Uns chatos ficam me pedindo para escrever sobre a bagunça nos aeroportos.

De novo, recorro às autoridades e elas informam que os atrasos são normais.

O pessoal tem mania de estranhar as coisas mais normais do mundo, como no caso do caixa dois eleitoral, que obrigou o próprio presidente a achar tempo para largar o trabalho em Paris e dar uma entrevista explicando como era normal. E esse negócio de avião interessa é às elites. Só as elites estão preocupadas com avião, o povo mesmo viaja de ônibus ou caminhão. Claro, as estradas também não valem nada e morre mais gente nelas que em certas guerras, mas isso deve ser algum resto da herança maldita (aliás, algo me diz que vão continuar encontrando muitos restos da herança maldita nos próximos anos) e logo será corrigido. Tapa-buraqueiro que tapa um buraco tapa mil.

Ou, no atual estilo, tapa mais do que todos os governos anteriores juntos.
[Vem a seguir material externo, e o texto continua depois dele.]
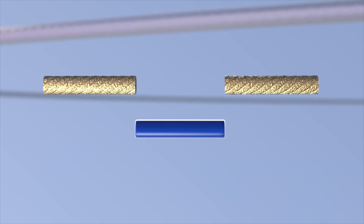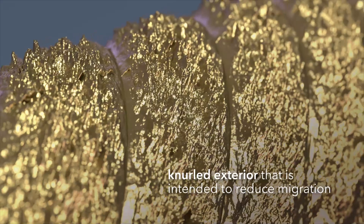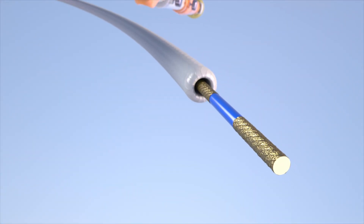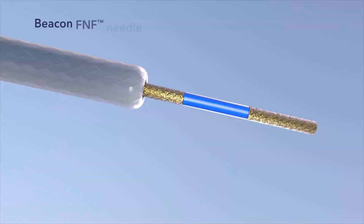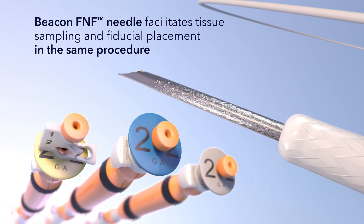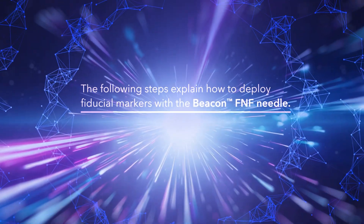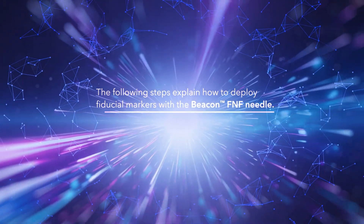Each fiducial marker features a knurled exterior that is intended to reduce migration. As an interchangeable component of the Beacon EUS delivery system, the Beacon FNF Needle facilitates tissue sampling and fiducial placement in the same procedure. The following steps explain how to deploy fiducial markers with the Beacon FNF Needle.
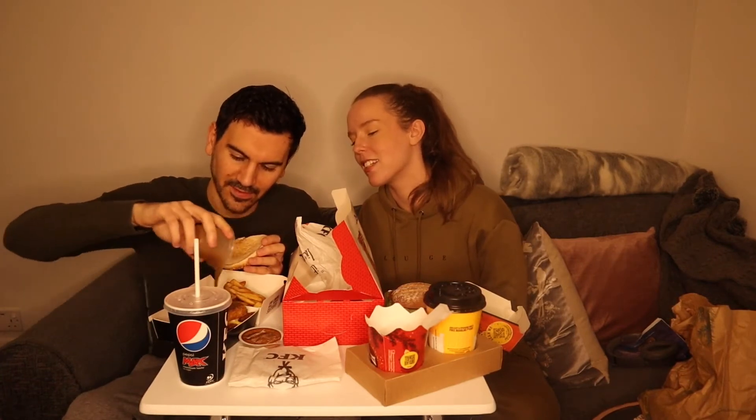I also got the new drink and the new McFlurry, which is the Celebrations McFlurry — it looks really good. I've got gravy here, but where does it go? I'm guessing I need to pour the gravy on the burger, and then the gravy for the chips on the side.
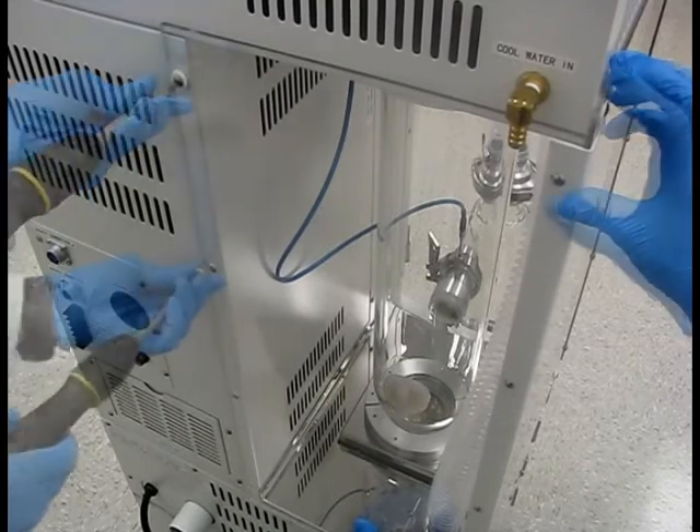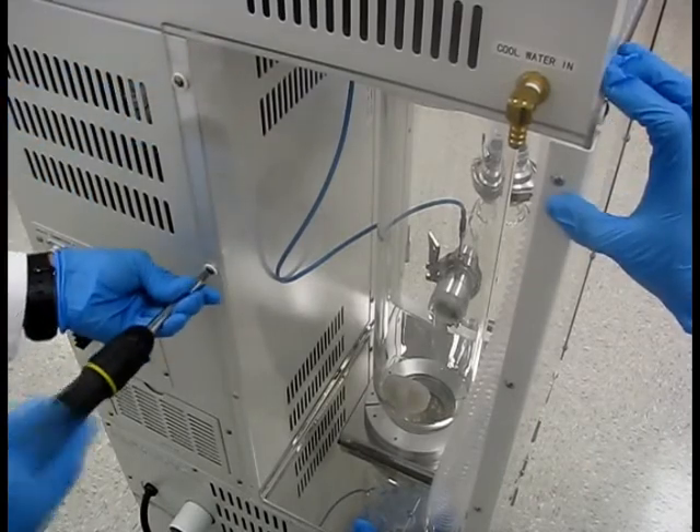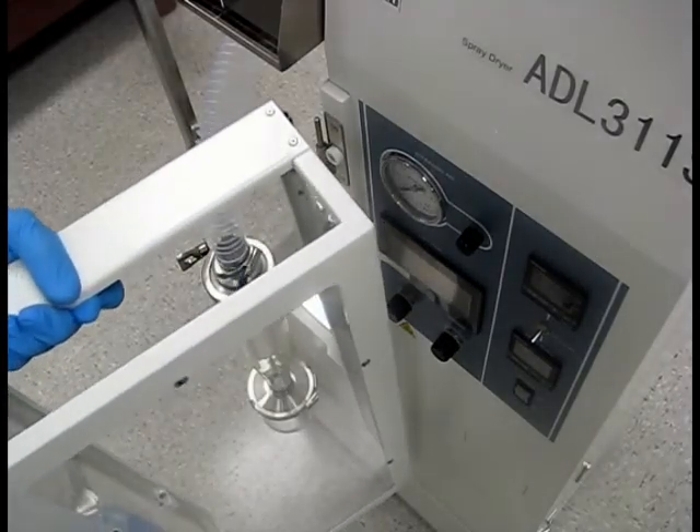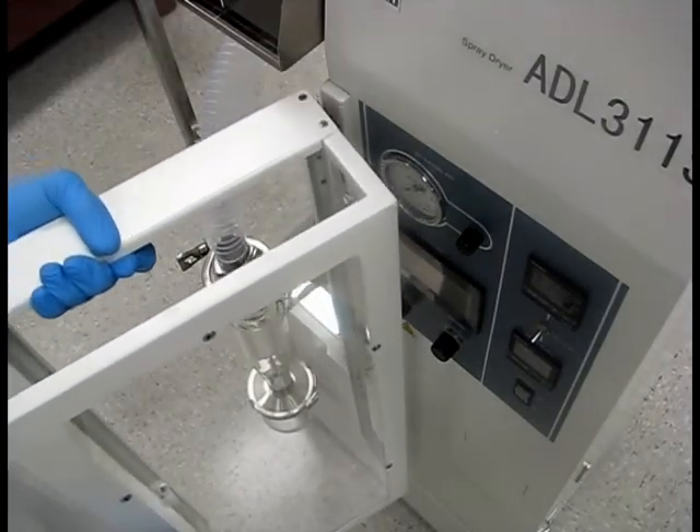Join the two panels together by installing screws into the corner bracket. Lastly, attach the safety cover door to the front of the machine by sliding it onto its hinges.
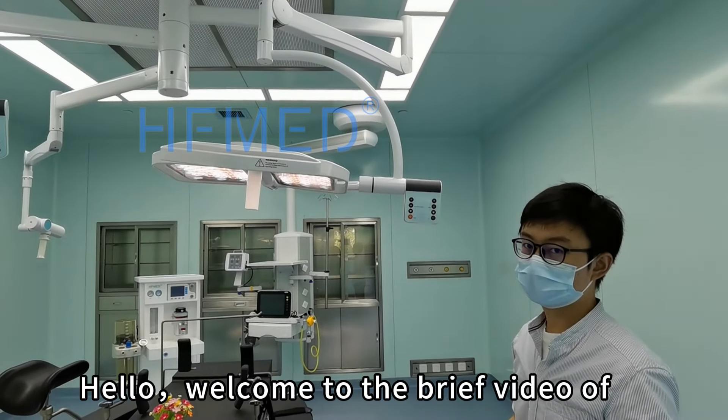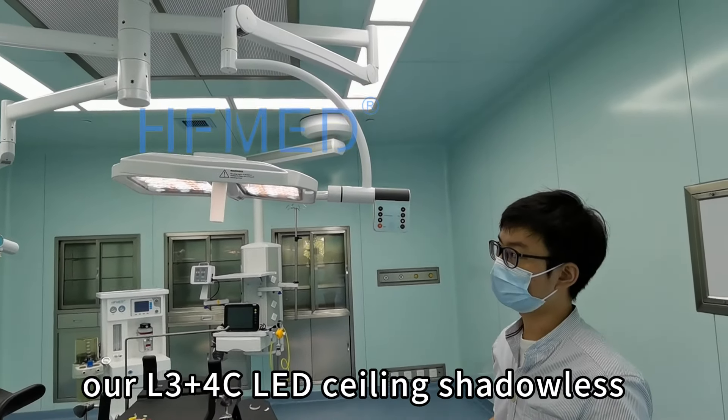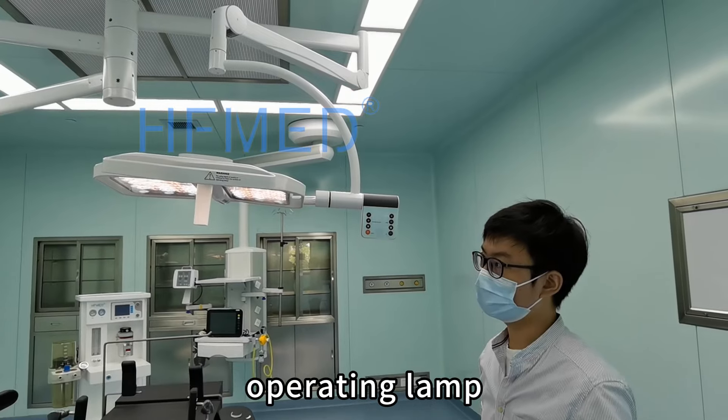Hello, welcome to the brief video of our L3 Plus 4D ceiling type surgical cleaning lamp.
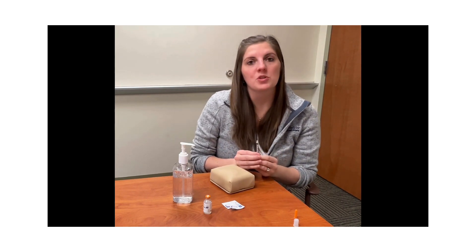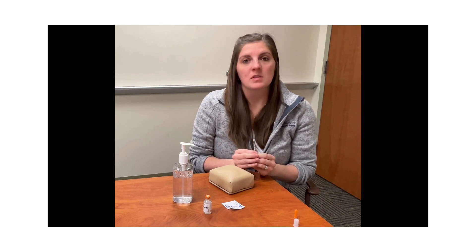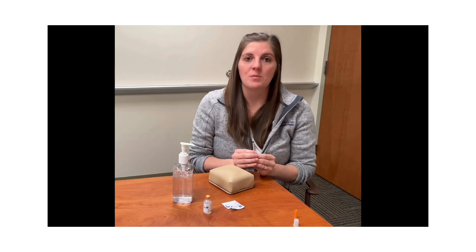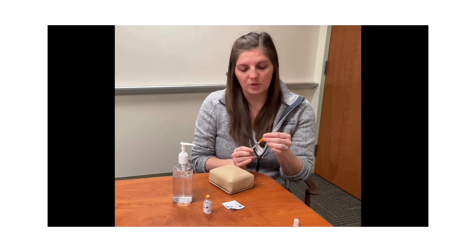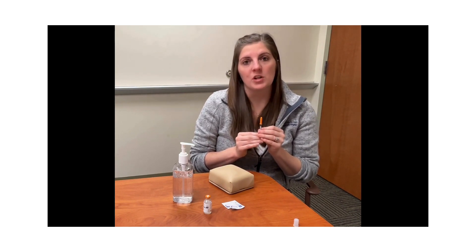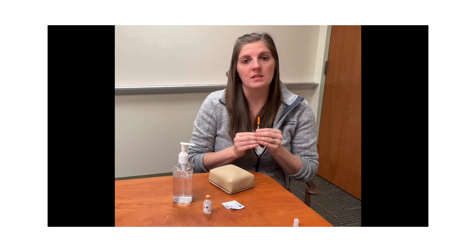At this point it is important to dispose of this in a safe sharps container and not in the regular trash. Some people do not have a sharps container at their residence, so you can at least use a plastic container with a lid that can be sealed. Since you are not always at your residence when you need to do insulin, if you are able to safely recap your syringe with the orange cap, do so as needed — knowing that once you place the orange cap it is a used syringe, and you need to put it in a safe place until you're able to dispose of it in the sharps container.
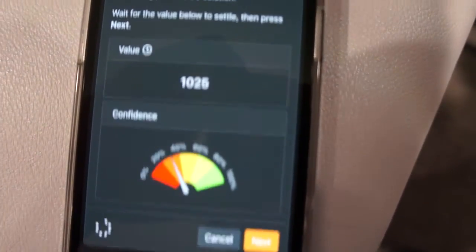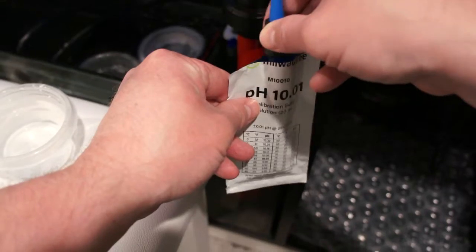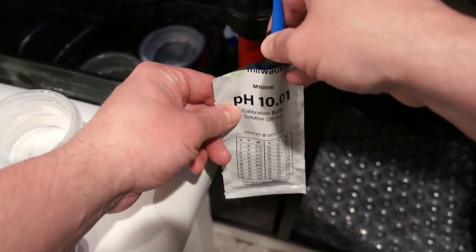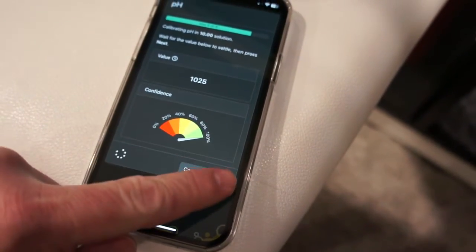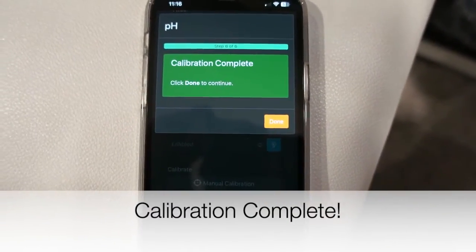The value has jumped up to 10.25, so that's good. We're seeing the confidence jump up — Fusion likes that the reading is changing but also stabilizing. We're at near 100 percent, calibrated on the high range, so we go ahead and hit next. Calibration complete. Excellent.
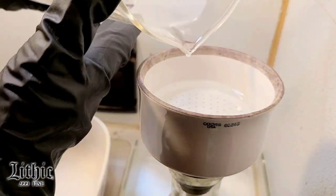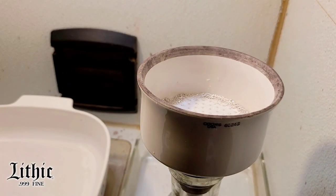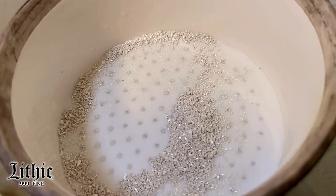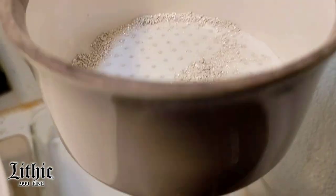Now I'm going to filter that solution to make sure it's clean and get all that remaining silver crystal particles out of there. We just got just a little bit left, but that's perfect. I'll set that aside and process it again later.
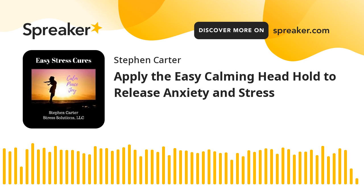Welcome to the Easy Stress Cure Show, where we share easy and effective mind-body techniques so you can enjoy less stress, greater ease, and better emotional and physical well-being. Stephen Carter here, CEO of Stress Solutions, LLC. We help people let go of stress and create lives of success using holistic methods. Learn more by visiting our website at eft-md.com.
Além disso, o principal continua garantidíssimo, pois se encontra assegurada a mobilidade do Nosso Guia. Como se sabe, ele dispõe de transporte próprio, que por acaso é avião especial, mas são as injunções do cargo. Pelo gosto dele, que do povo veio e do povo nunca se afastou, era na base do pé na estrada, mas nem tudo é como a gente quer. E, com ele se mexendo, o país não pára. Como teríamos marcado presença na campanha eleitoral de Chávez, se o presidente estivesse sujeito aos percalços de um qualquer? Todo mundo pensa que o trabalho alheio é moleza, mas, como se diz, lá no Nordeste, “se o tatu está gordo, a unha é que sabe”.

Quem quiser que pense que é moleza, o juízo fica zonzo e confunde até a Venezuela com a Bolívia, quando todo mundo sabe que a Bolívia é outro país de cujos interesses também cuidamos.

Finalmente, a possibilidade de ninguém, além dele e da comitiva, conseguir mais viajar pode ser parte de uma política demográfica esperta, que os olhos da má vontade não conseguem enxergar. Comporá, quem sabe, um esquema para gradualmente descongestionar os grandes centros urbanos e estancar o êxodo rural, bem como tantas outras mazelas que nos afligem e que não nos afligiriam, se não fôssemos obrigados desnecessariamente a vê-las.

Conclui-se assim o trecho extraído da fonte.